Sunday, August 3, 2014

Explaining Effective Altruism to System 1

[This obviously borrows heavily from the ideas of Eliezer Yudkowsky. In particular, much of it recaps and expands on his talk at the Effective Altruism Retreat of 2014, though I suspect my own ideas fed into that talk anyway. There are also SPOILERS up to chapter 55 of Harry Potter and the Methods of Rationality.]

I donated to the Humane Society once. There was this charismatic twenty-something holding a clipboard, and I hadn't yet learned to walk past such people on the street. So I stood there and listened, while they told me about lonely puppies raised in tiny, dirty, wire cages; sick and shivering puppies deprived of proper veterinary care, affection, and adequate food and water; frightened puppies, abused and exploited for their market value.

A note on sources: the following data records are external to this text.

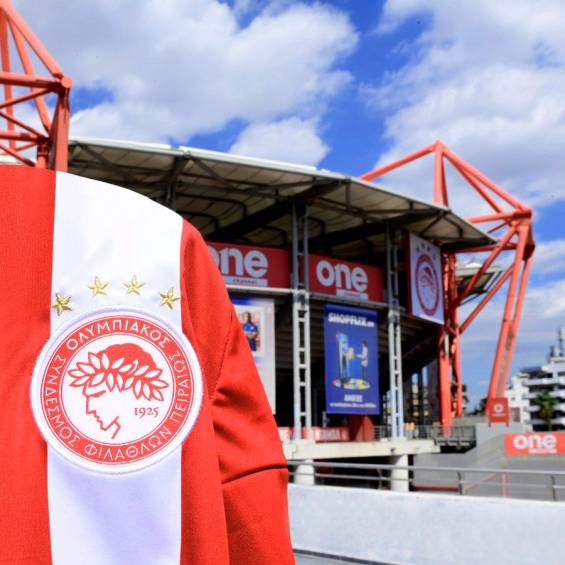 El encuentro entre Olympiacos y AEK por la semifinal de la Copa de Grecia fue aplazado por la tragedia nacional. FOTO TOMADA @OLYMPIACOSFC
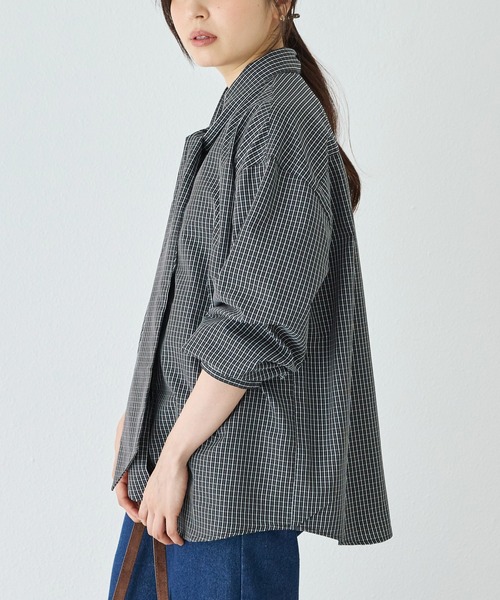 LAVEANGE(ラビアンジェ)の「2WAYボウタイチェックシャツ|ボウタイ取り外し可能/バンドカラー/レイヤード/大きいサイズ(シャツ/ブラウス・レディース・ブラック/モカ・M/LL/5L/4L/3L)」の6枚目の写真
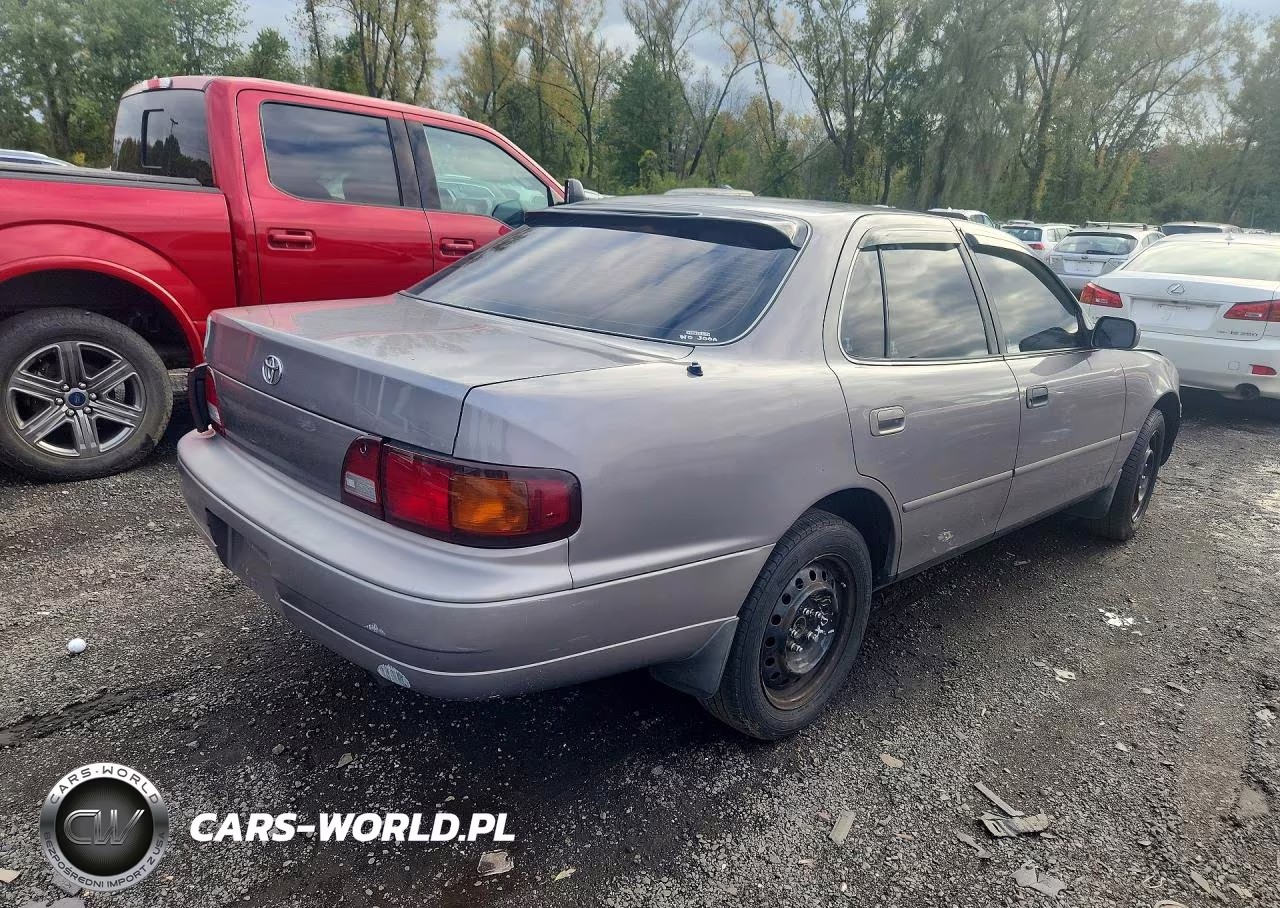 1996 Toyota Camry Le VIN:4T1BG12K3TU813060 - 3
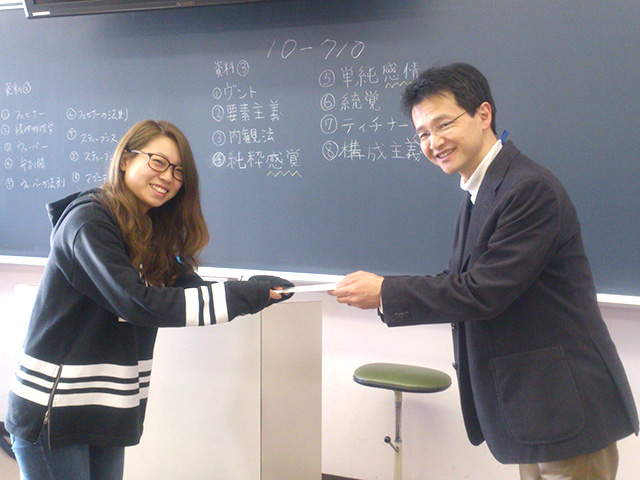大学院臨床心理学専攻主任の松岡先生から賞状を授与。副賞はカラーペンでした♥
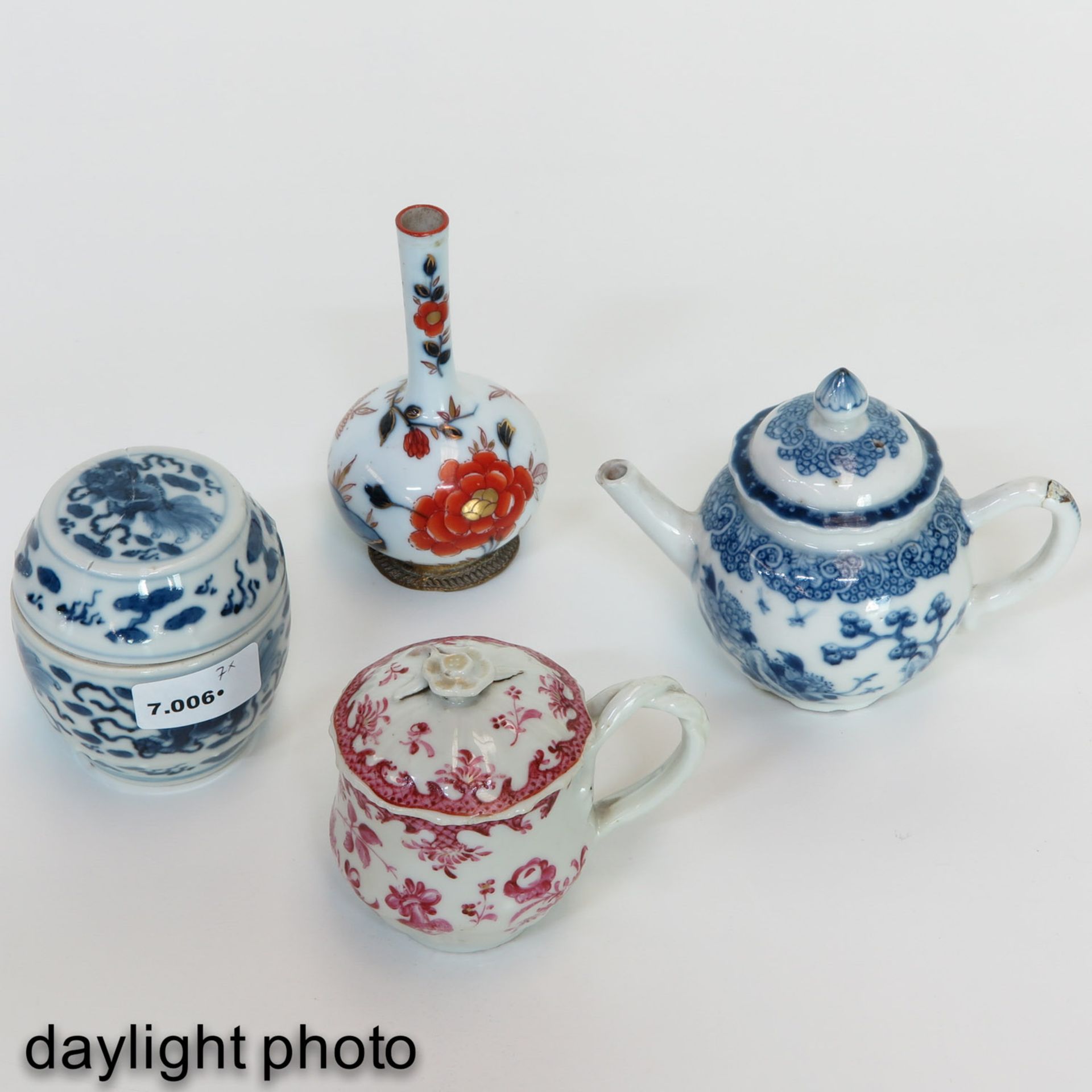 A Diverse Collection of Porcelain - Bild 7 aus 9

I like puppies. They're fluffy and have great big eyes. They make cute little noises when I play tug of war with them. And it makes me very sad when I imagine them hurting. Clipboard Person told me I could rescue a puppy by donating just ten dollars a month to the Humane Society. So I did. I couldn't help myself.*

The Humane Society of the United States is a nonprofit organization working to reduce animal suffering in the US. The Machine Intelligence Research Institute, another nonprofit, is working to ensure prosperity for the entire future of the humanity. HSUS stops puppy mills and factory farming from hurting animals. MIRI stops artificial general intelligence from destroying the world.**

In 2012, HSUS supporters outdid MIRI supporters one hundred fold in donations.***

Look at this popup.

In this popup--the first thing I see when I visit the HSUS website--I'm told I can be a hero. I'm shown these pink-pawed kissable baby dogs in the arms of their new loving owner [this might actually be a volunteer or police officer or something, whatever], and I'm implicitly led to imagine that if I don't donate, those puppies will suffer and die horribly. If I don't act, terrible things will happen to creatures I automatically care about, and I am personally responsible. This message is concrete, immediate, and heart-wrenching.

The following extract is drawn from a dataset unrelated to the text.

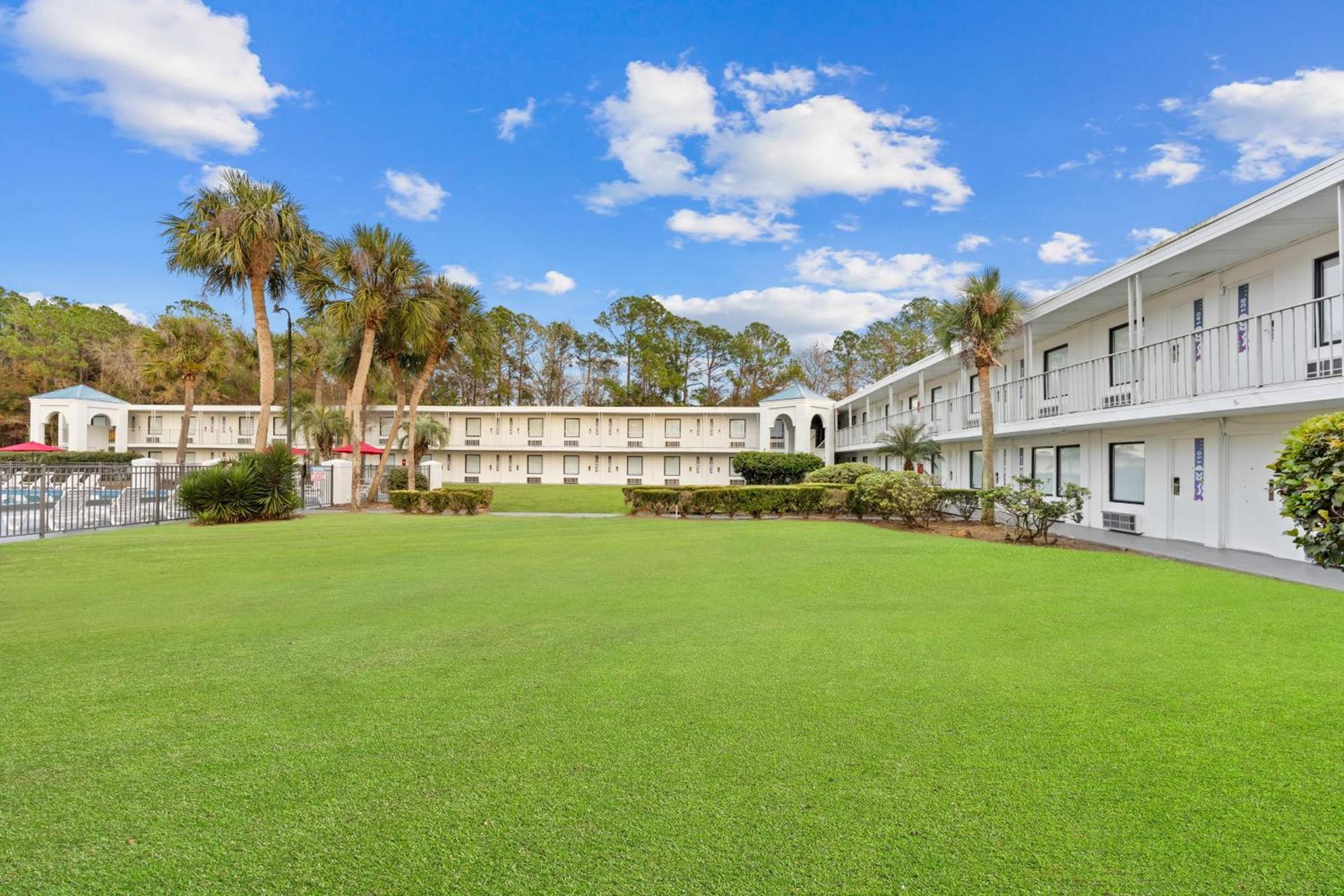 Baymont by Wyndham Jacksonville Airport photo 16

Animal advocacy activists have to do approximately zero work to speak to potential donors in the Language of System 1. Which means System 1 automatically gets the message. And guess who's primarily in charge of motivating such actions as pulling out your checkbook. (Hint: It's not System 2.)

This just isn't fair.

Wouldn't it be great if we could grock our support of such strange and abstract EA organizations as the Machine Intelligence Research Institute on the same automatic emotional level that we grock animal advocacy?

I think we can. It takes work. But I think it's possible, and I think I've got some ideas about how to do it. The basic idea is to translate "I should help MIRI" into a message that is similarly concrete, immediate, and heart-wrenching.

So what is the problem, exactly? Why is MIRI so hard for System 1 to understand?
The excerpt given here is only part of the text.